Comment 22 Huajian Luo 2022-12-22 07:04:45 UTC
we still hit this bug in the Build64.1
https://openqa.suse.de/tests/10220394#step/ibft/41
Comment 23 Joaquín Rivera 2023-01-09 10:10:38 UTC
On the worker where this is running SMART support is available and enabled:

smartctl --all /dev/sda
smartctl 7.2 2021-09-14 r5237 [x86_64-linux-5.14.21-150400.24.38-default] (SUSE RPM)
Copyright (C) 2002-20, Bruce Allen, Christian Franke, www.smartmontools.org

=== START OF INFORMATION SECTION ===
Model Family:     Seagate Constellation ES.3
Device Model:     ST1000NM0033-9ZM173
Serial Number:    Z1W5P5JM
LU WWN Device Id: 5 000c50 091d250d3
Firmware Version: SN06
User Capacity:    1,000,204,886,016 bytes [1.00 TB]
Sector Size:      512 bytes logical/physical
Rotation Rate:    7200 rpm
Form Factor:      3.5 inches
Device is:        In smartctl database [for details use: -P show]
ATA Version is:   ACS-2 (minor revision not indicated)
SATA Version is:  SATA 3.0, 6.0 Gb/s (current: 6.0 Gb/s)
Local Time is:    Mon Jan  9 09:59:55 2023 CET
SMART support is: Available - device has SMART capability.
SMART support is: Enabled

In the VM is showed like this when sporadically works or fails:
https://openqa.suse.de/tests/10187388#step/ibft/42

When trying to add option `smartctl -d sat -T permissive -a /dev/sda` I run into trouble like described here
https://www.smartmontools.org/wiki/SAT-with-UAS-Linux
Googling a bit further I always hit the same thing with uas, but doing lsmod in worker and in VM I don't find that Kernel module.

To summarize,
We have an installation in a VM using iscsi disk from the worker where the VM is running: https://openqa.suse.de/tests/10226693#step/iscsi_configuration/3 (screenshot configuring iscsi in installation)
and sporadically when we get info of the disk with smartcl command in the running system produced by that installation we don't get an answer.
Definitely nothing related with YaST and our plan is to disable this check for the test, as looks like there is not guarantee that you can run that command and get and reliable answer.

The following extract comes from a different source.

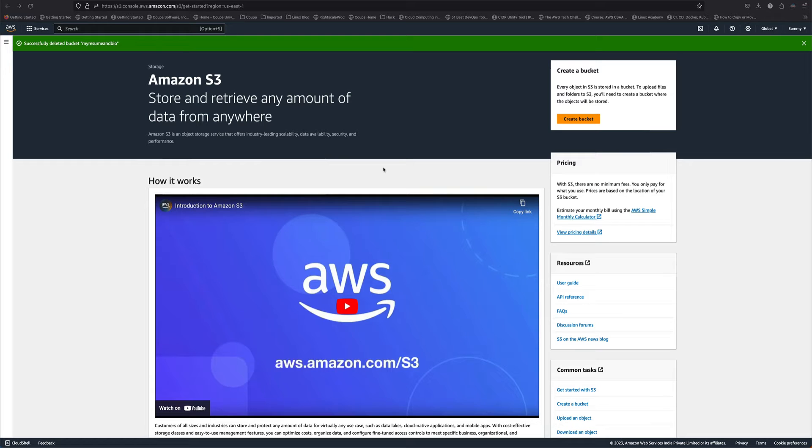Hey guys, welcome back to the channel. In today's video, I'm going to show you how to host your resume as a web page using S3 static website hosting. This is a very common project which beginners should do when they are starting with AWS.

Please forward this bug to Kernel or other component if you think it makes sense, for our testing scope and given the information in here https://www.smartmontools.org/wiki/FAQ#SmartmontoolsforFireWireUSBandSATAdiskssystems for us seems not worth it.

Thanks Stefan Hundhammer, for the information provided as it helps us to understand the issue and also be aware what makes sense for us to test, and sorry for the late response.